--- DATA LISTING Enclosed Below ---

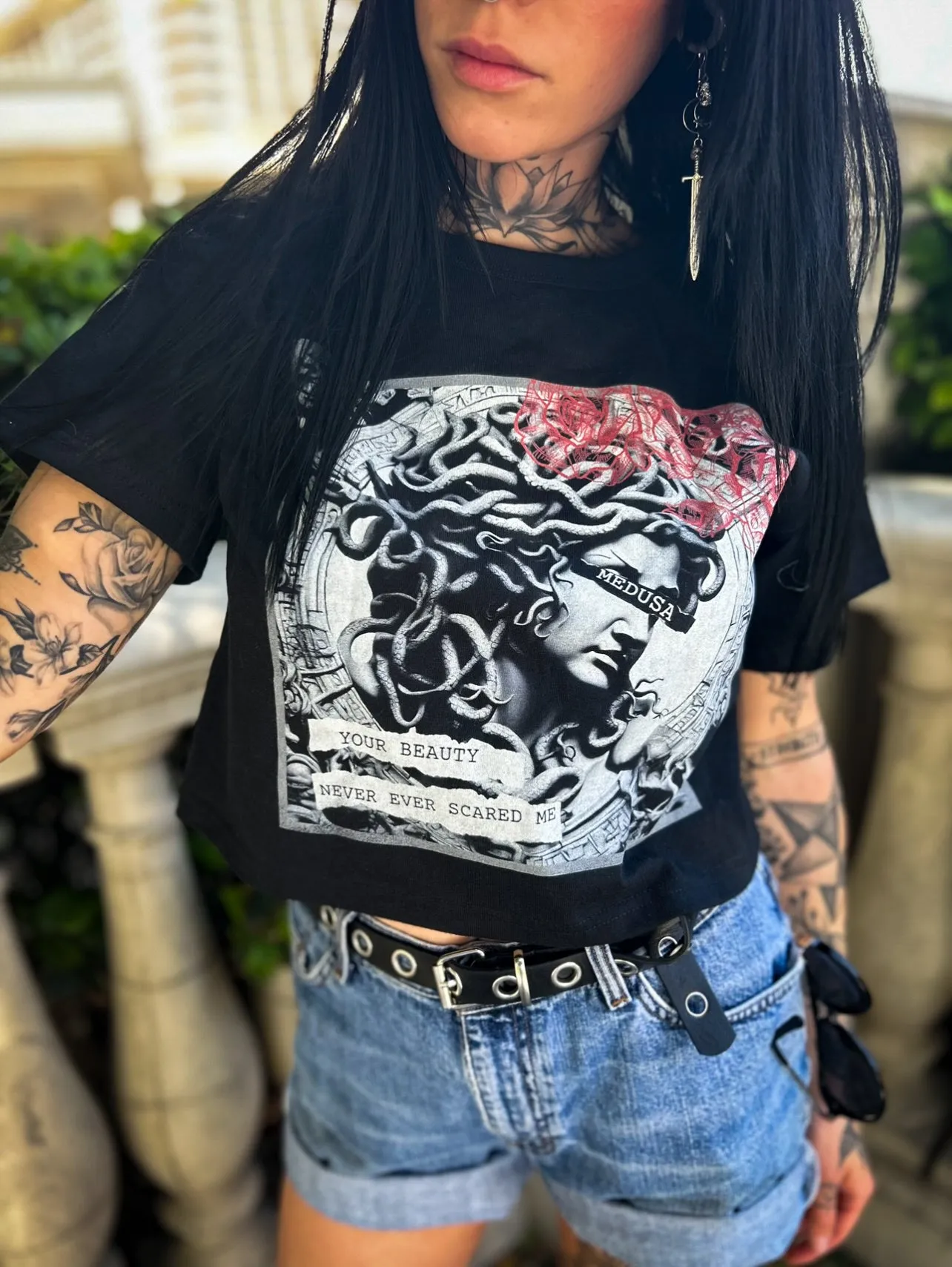 Medusa Boxy Crop Top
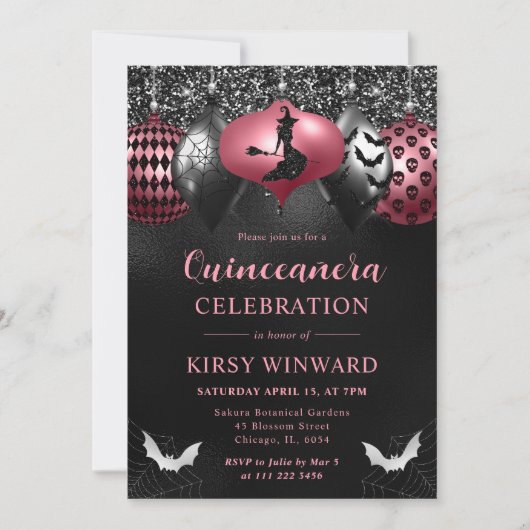 グラムハロウィーンオーナメントキンセアニェラ 招待状 (正面)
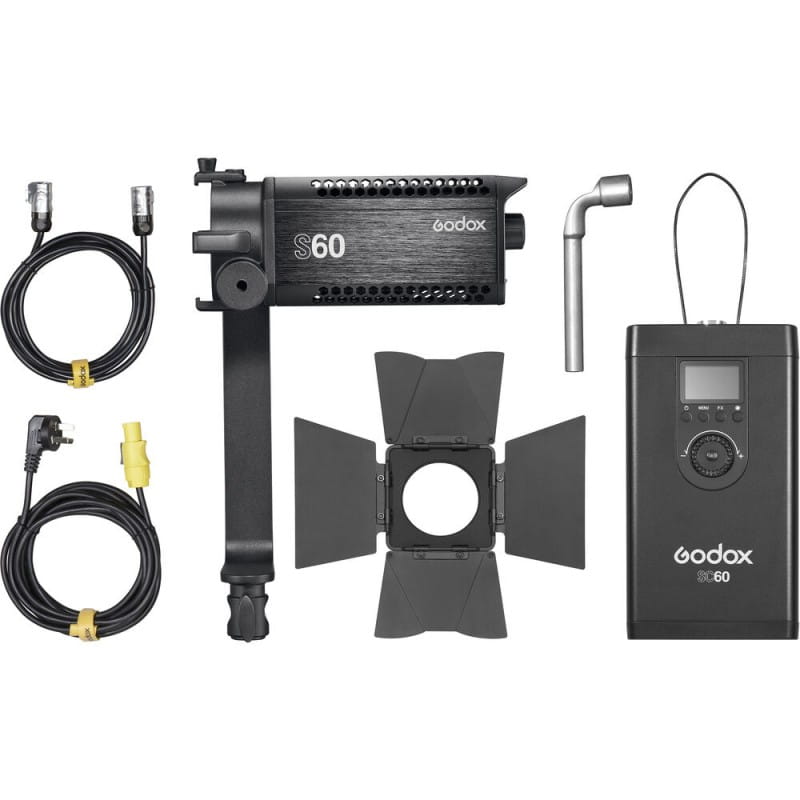 Lampa LED z soczewką ogniskującą i wrotami Godox S60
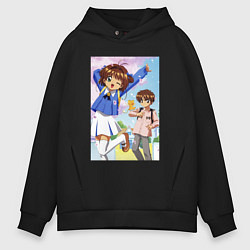 Мужское худи оверсайз Cardcaptor Sakura - Sakura and Syaoran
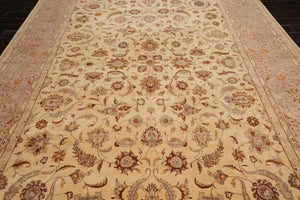 9'2"x12'4" Hand Knotted Wool 16/18 Pak Persian 300 KPSI Oriental Area Rug Ivory - Oriental Rug Of Houston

--- End of Enclosed DATA LISTING ---

* _TASK TO COMPLETE_:
Each line from the one holding "グラムハロウィーンオーナメントキンセアニェラ 招待状 (正面)" through the end of the listing is to be output exactly, both ends included, with no other lines and the pictures left out.

* _ANSWER_:
 グラムハロウィーンオーナメントキンセアニェラ 招待状 (正面)
 Lampa LED z soczewką ogniskującą i wrotami Godox S60
 Мужское худи оверсайз Cardcaptor Sakura - Sakura and Syaoran
 9'2"x12'4" Hand Knotted Wool 16/18 Pak Persian 300 KPSI Oriental Area Rug Ivory - Oriental Rug Of Houston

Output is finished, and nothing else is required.